▶ **Information shown**

* * * * * * * * *

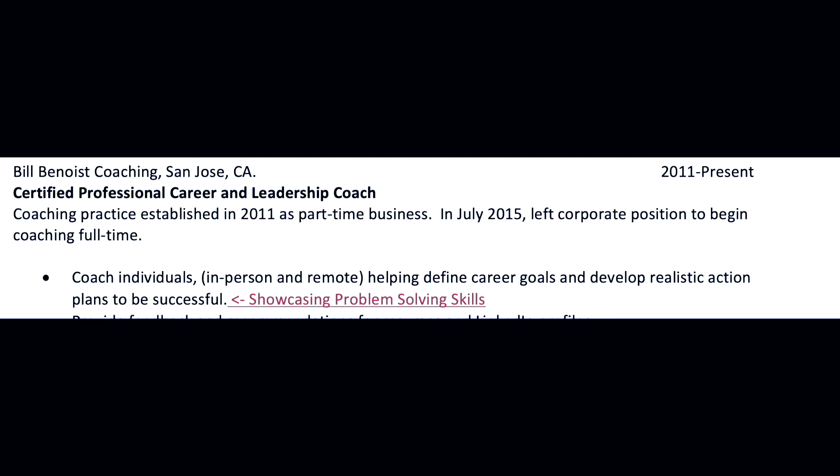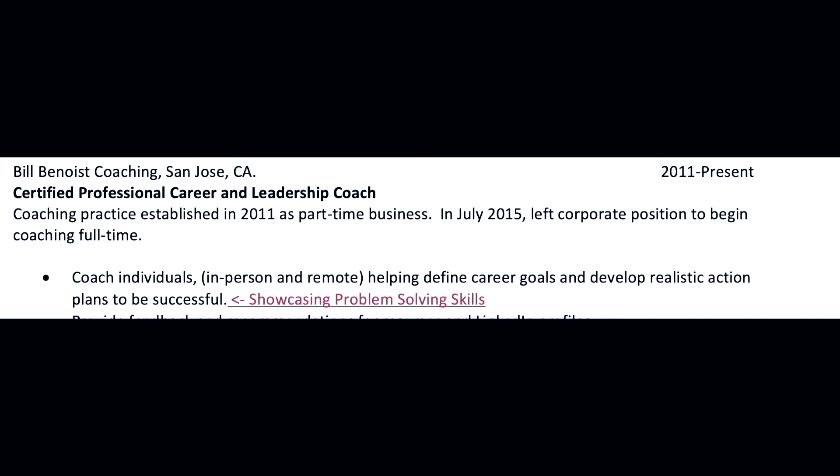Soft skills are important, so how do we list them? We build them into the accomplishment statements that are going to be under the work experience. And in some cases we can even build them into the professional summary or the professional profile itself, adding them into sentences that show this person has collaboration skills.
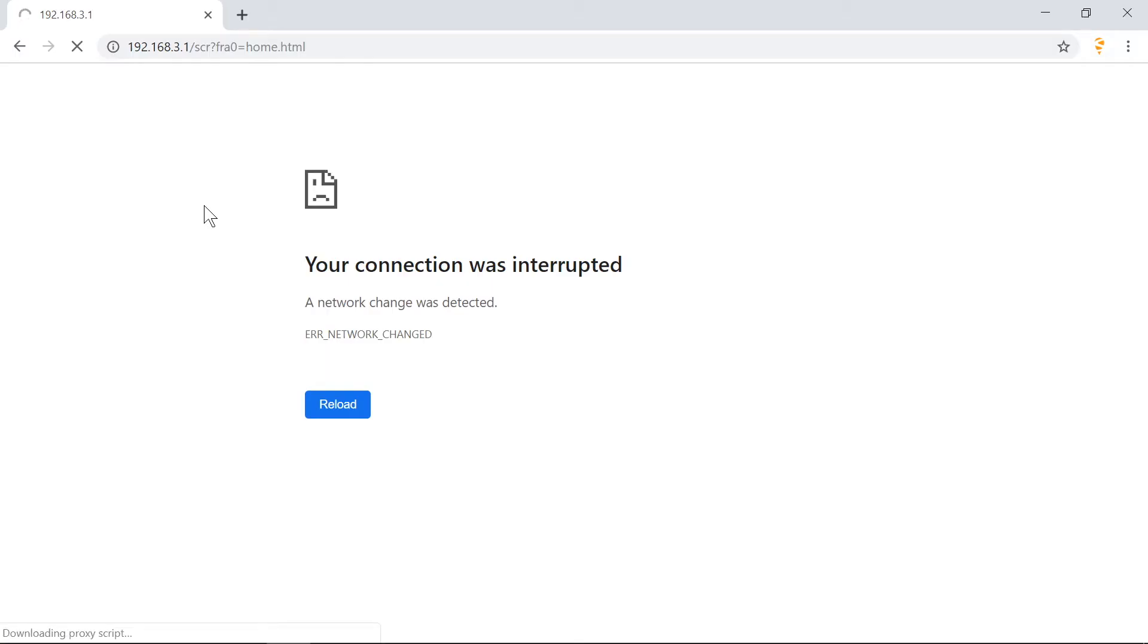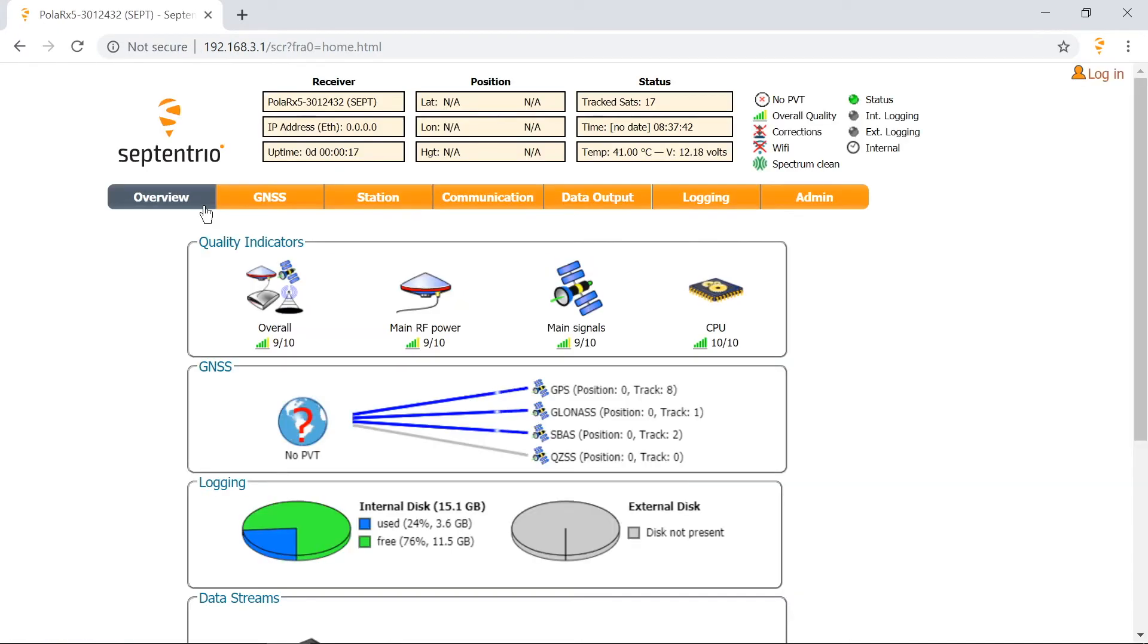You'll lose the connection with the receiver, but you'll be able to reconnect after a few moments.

* * * * * * * * *

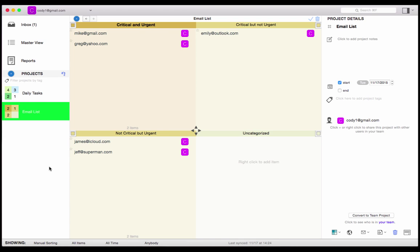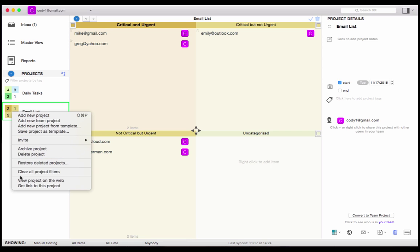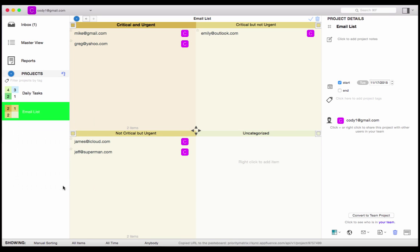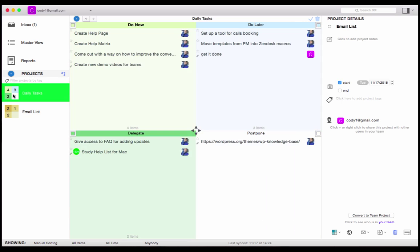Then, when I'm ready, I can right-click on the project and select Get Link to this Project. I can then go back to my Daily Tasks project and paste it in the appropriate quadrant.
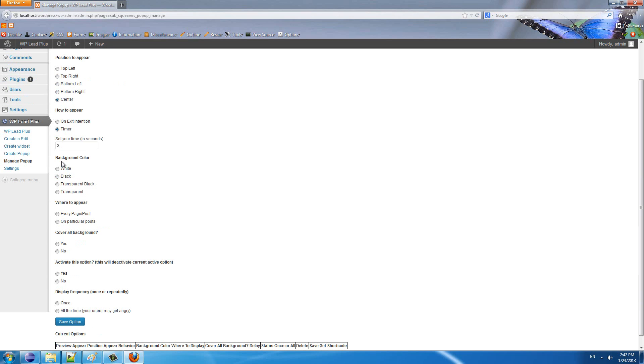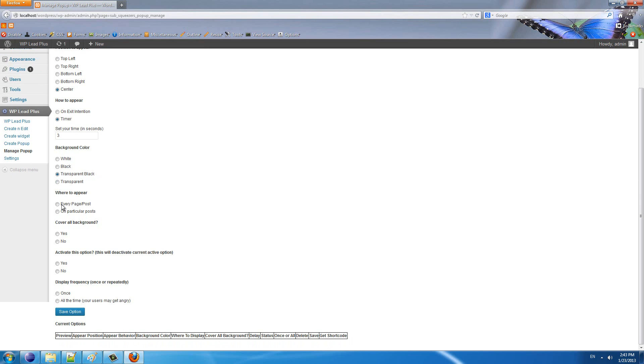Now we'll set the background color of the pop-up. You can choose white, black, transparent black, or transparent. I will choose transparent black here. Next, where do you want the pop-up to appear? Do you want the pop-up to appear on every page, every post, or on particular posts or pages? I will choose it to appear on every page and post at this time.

* * * * * * * * *

▶ **What is needed**
For the entries above, print exactly the lines between the one with "Soft skills are" and the one with "You'll lose the", inclusive, with no pictures.

▶ **Answer to the problem**
Soft skills are important, so how do we list them? We build them into the accomplishment statements that are going to be under the work experience. And in some cases we can even build them into the professional summary or the professional profile itself, adding them into sentences that show this person has collaboration skills.
You'll lose the connection with the receiver, but you'll be able to reconnect after a few moments.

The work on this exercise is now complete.